Vi avevamo già brevemente ragguagliato sul fatto che il numero attualmente in edicola di Ciak conteneva un importante sondaggio realizzato dalla S&G Kaleidos. Ora vedremo di studiare con più calma i risultati delle quattro classifiche presentate sulle pagine della rivista. Oggi tocca alla prima domanda:
"Quale scena, in un film, l'ha impaurita/impressionata di più?"
Eccovi i risultati:
1) Shining (la visione del bambino) 23,3%
2) Suspiria (la prima vittima) 18,1%
3) Psycho (la doccia mortale) 14,2%
4) Il silenzio degli innocenti (la violenza di Lecter) 11,9%
5) L'esorcista (il corpo deformato) 8,2%
6) Misery (la furia della protagonista) 7,7%
7) Poltergeist (il clown animato) 5,2%
8) Carrie (la vendetta finale) 4,9%
9) Seven (il macabro ritrovamento) 3,4%
10) Profondo Rosso (la voce minacciosa) 3,1%
Si tratta indubbiamente di pezzi da novanta e dai nomi coinvolti si evincono alcuni dati interessanti, pur tenendo conto che il campione intervistato non rappresenta il popolo dei fan e degli esperti quanto piuttosto un insieme medio di spettatori.

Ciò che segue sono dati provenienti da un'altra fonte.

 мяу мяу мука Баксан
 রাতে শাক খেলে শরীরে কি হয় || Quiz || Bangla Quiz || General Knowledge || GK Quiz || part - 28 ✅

La cosa che più colpisce è il fatto che un certo tipo di violenza associata a un deliberato spargimento di sangue ha evidentemente la meglio sulle suggestioni più spiccatamente soprannaturali facendoci pensare che lo spettatore medio si senta maggiormente spaventato quando assiste a qualcosa che, a suo modo di pensare, può più o meno facilmente accadere anche a lui. Le uniche tre voci che mandano un forte segnale fantastico o supernatural che dir si voglia sono L'Esorcista, Poltergeist e Carrie mentre tutte le altre posizioni raffigurano eventi replicabili dalla cronaca quotidiana.
A noi di Horror Magazine, alfieri dell'irruzione weird nei confronti di una fin troppo inflazionata scena thriller, tale dato fa storcere il naso a tal punto che abbiamo messo in cantiere, nel futuro immediato, una serie di controsondaggi nella speranza di ribaltare alcuni di questi risultati.